Wednesday, December 29, 2021

A peek into Java 17: Encapsulating the Java runtime internals

The need to encapsulate the runtime is fundamentally caused by Java’s nature as an open programming environment.

Download a PDF of this article

If you’ve ported an application to Java 11, then you’re probably familiar with the following scary-sounding message or something like it:

Java 17, Java Runtime Internals, Oracle Java Exam, Oracle Java Prep, Java Career, Core Java, Oracle Certified

WARNING: An illegal reflective access operation has occurred

WARNING: Illegal reflective access by ReflBytecodeName (file:/Users/ben/projects/books/resources/) to method sun.invoke.util.BytecodeName.parseBytecodeName(java.lang.String)

WARNING: Please consider reporting this to the maintainers of ReflBytecodeName

WARNING: Use --illegal-access=warn to enable warnings of further illegal reflective access operations

WARNING: All illegal access operations will be denied in a future release

While that warning is not as famous as “It is a period of civil war. Rebel spaceships, striking from a hidden base, have won their first victory against the evil Galactic Empire,” these warnings provide a highly recognizable opening crawl to the logs of most modern Java applications. Many developers have even become desensitized to it—and that hides a problem that will potentially affect large numbers of applications soon.

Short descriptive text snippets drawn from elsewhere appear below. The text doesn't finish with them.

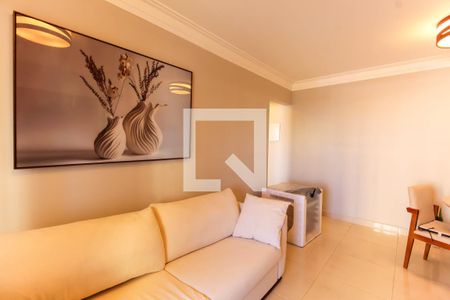 Apartamento para alugar com 3 quartos, 70m² em Vila Bertioga, São Paulo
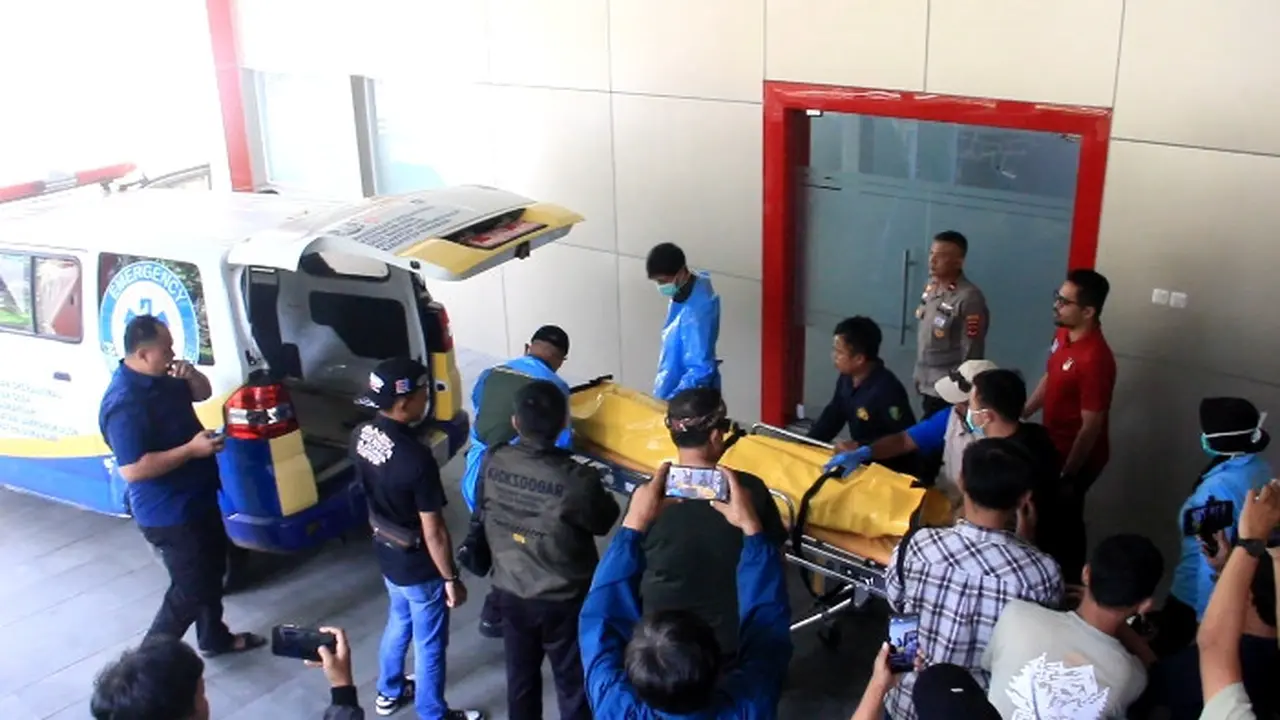 Jenazah bocah di Sukabumi diduga korban penganiayaan ibu tiri. (Liputan6.com/Fira Syahrin)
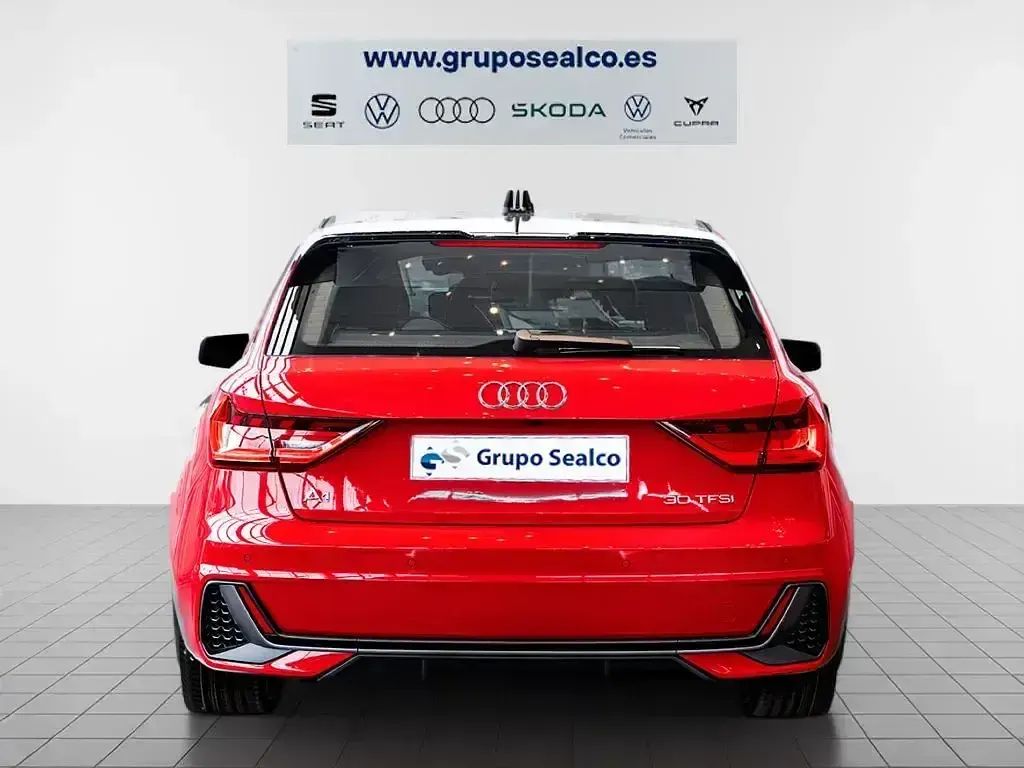 Nuevo Audi A1 Sportback 116 CV (85 kW) 2026 Rojo Utilitario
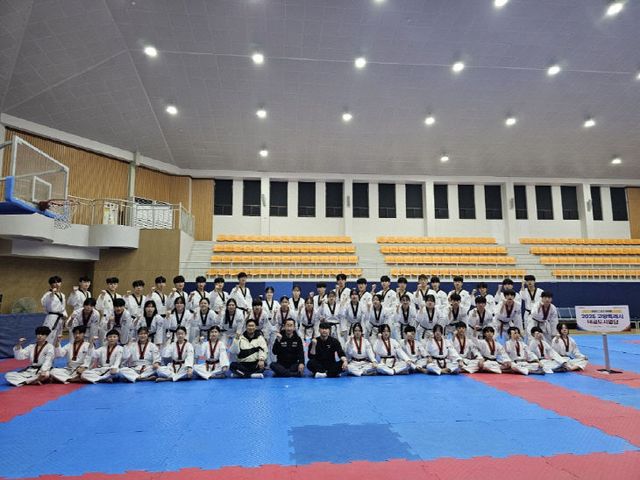 문화사절단 활약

But what does the message mean?

The error message above exists to warn of the slow, inexorable progress of a long-term project within the Java ecosystem: to strongly encapsulate the internals of the Java runtime.

The encapsulation project was originally intended to form part of Java 8, but it was late for the train, and instead the first steps towards encapsulation were delivered in Java 9.

The need to encapsulate the runtime is fundamentally caused by Java’s nature as an open programming environment. This long-ago design decision has had unintended consequences.

Note that the phrase “open programming environment” can be used in several different ways, so I need to be clear about the specifics of its meaning in this context. Specifically, it means the following:

◉ In Java 8 and before, you can call public methods on any public class you like, both directly and reflectively.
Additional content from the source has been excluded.